Somos seis, tres en cada asiento, bajo la luz del quinqué. En
frente de mi, una rolliza señora con un rechoncho señor, un viejo
matrimonio. Un jorobado está en la esquina izquierda. A mi lado, un joven
matrimonio, o al menos una joven pareja. ¿Están casados? La joven es
hermosa, parece modesta, pero está demasiado perfumada. ¿Qué perfume es
éste? Lo conozco pero no lo determino. ¡Ah! Ya caigo. Piel
de España.
Esto no dice nada. Esperamos.
La gruesa señora mira fijamente a la joven con un aire de
hostilidad que me da que pensar. El grueso señor cierra los ojos. ¡Ya!
El jorobado se enrolla como un ovillo. Ya no veo donde están sus piernas.
No percibimos nada más que su mirada brillante bajo un gorro griego con
borla roja. Después se sumerge en su manta de viaje. Se diría un
paquetito arrojado sobre el asiento.
Únicamente la vieja señora permanece despierta, suspicaz,
recelosa, como un guardián encargado de vigilar el orden y la moralidad
del vagón.
Los jóvenes permanecen inmóviles, las rodillas envueltas en el
mismo chal, los ojos abiertos, sin hablar; ¿están casados? Yo
finjo dormir pero estoy al acecho.
Las nueve. La señora gruesa va a sucumbir; cierra los ojos una vez
tras otra, inclina la cabeza hacia el pecho y
vuelve a levantarla bruscamente. Ya está. Duerme. ¡Oh
sueño, misterio ridículo que confiere al rostro los aspectos más
grotescos, tu eres la revelación de fealdad humana. Tu haces aparecer
todos los defectos, las deformidades y las taras! Tu haces que cada cara
tocada por ti se transforme rápidamente en una caricatura. Me
levanto y extiendo el ligero
velo azul sobre el quinqué. Después me adormezco. De
vez en cuando, la parada del tren me despierta. Un empleado grita el
nombre de una ciudad, después volvemos a partir. Llega
la aurora. Seguimos el Ródano, que desciende hacia el Mediterráneo. Todo
el mundo duerme. Los jóvenes están abrazados. Un pie de la joven ha
salido del chal. ¡Tiene medias blancas! Es normal: están casados. No
huele bien en el compartimento. Abro una ventana para renovar el aire. El
frío despierta a todo el mundo, con excepción del jorobado que ronca
como un tronco bajo su manta. La
fealdad de los rostros se acentúa más bajo la luz del nuevo día. La
señora gruesa, roja, despeinada, horrorosa, echa una mirada circular y
malvada a sus vecinos. La joven mira sonriendo a su compañero. ¡Si no
estuviera casada primero habría mirado a su espejo! Llegamos
a Marsella. Veinte minutos de parada. Desayuno. Partimos de nuevo. Tenemos
al jorobado de menos y dos viejos señores de más.

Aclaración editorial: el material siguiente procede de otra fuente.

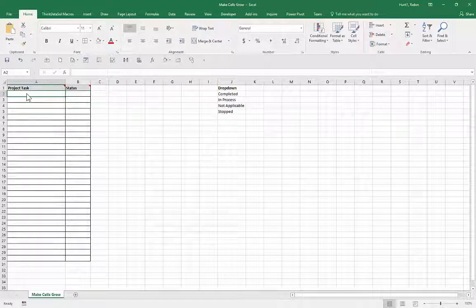Building spreadsheets with text is a common occurrence, which means we are constantly sizing and resizing. One of my most popular blog posts is about having Excel expand the cells while we type.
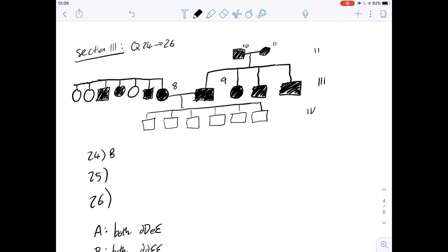Number 25 says: the deaf-mute phenotype occurs whenever... You can see from the table that this is going to be a recessive problem, and we also get from the stem that they're two independent genes. Looking at when the phenotype is normal and when it's deaf-mute, you can see that it occurs only when there is a homozygous recessive pair of either of the genes, either D or E.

Entonces,
los dos matrimonios, el viejo y el joven, desempacan provisiones. Pollo
por aquí, ternera fría por allá, sal y pimienta en papel, pepinillos en
un pañuelo, ¡todo lo que nos puede quitar las ganas de las comidas
durante la eternidad! No conozco nada más común, más grosero, más
inconveniente, más de mal gusto que comer en un vagón donde se
encuentran otros viajeros. Si
hiela, ¡abrid las puertas! Si hace calor, ¡cerradlas y fumad pipa así
tuvierais horror al tabaco; poneos a cantar, ladrad, liberaros a las
excentricidades más molestas, sacad vuestros botines y vuestros
calcetines y cortad las uñas de los pies; procurad, en fin, devolver a
estos vecinos maleducados la moneda de su saber vivir. El
hombre precavido trae un frasco de bencina o de petróleo para derramarla
sobre los cojines tan pronto como uno se pone a cenar a su lado. Todo está
permitido, todo es demasiado suave para los groseros que os envenenan con
el olor de su pienso. Seguíamos
el mar azul. El sol cae en lluvia sobre la costa
poblada de las sugestivas ciudades. He
aquí Saint-Raphaël. Allá
abajo Saint-Tropez, pequeña capital de este desconocido desierto y
encantador país que denominan las Montañas de los Moros. Un gran río,
sobre el cual ningún puente se había construido, el Argens, separa del
continente esta isla casi salvaje, donde se puede caminar un día entero
sin encontrar un ser, donde los pueblos encaramados en lo alto de los
montes han permanecido como antiguamente, con sus casas orientales, sus
arcadas, sus puertas cimbradas, esculpidas y bajas. Ningún
ferrocarril, ningún coche público penetra en estos maravillosos y
arbolados pequeños valles. Únicamente una antigua diligencia lleva el
letrero de Hyères y de Saint-Tropez. Pasamos
rápidamente. Aquí Cannes, tan hermoso al borde de sus dos golfos, en
frente de las islas de Lérins que serían, si se las pudiese unir a la
tierra, dos paraísos para las enfermedades. Ahí
el golfo de Juan; la escuadra acorazada parece dormida sobre el agua. Niza.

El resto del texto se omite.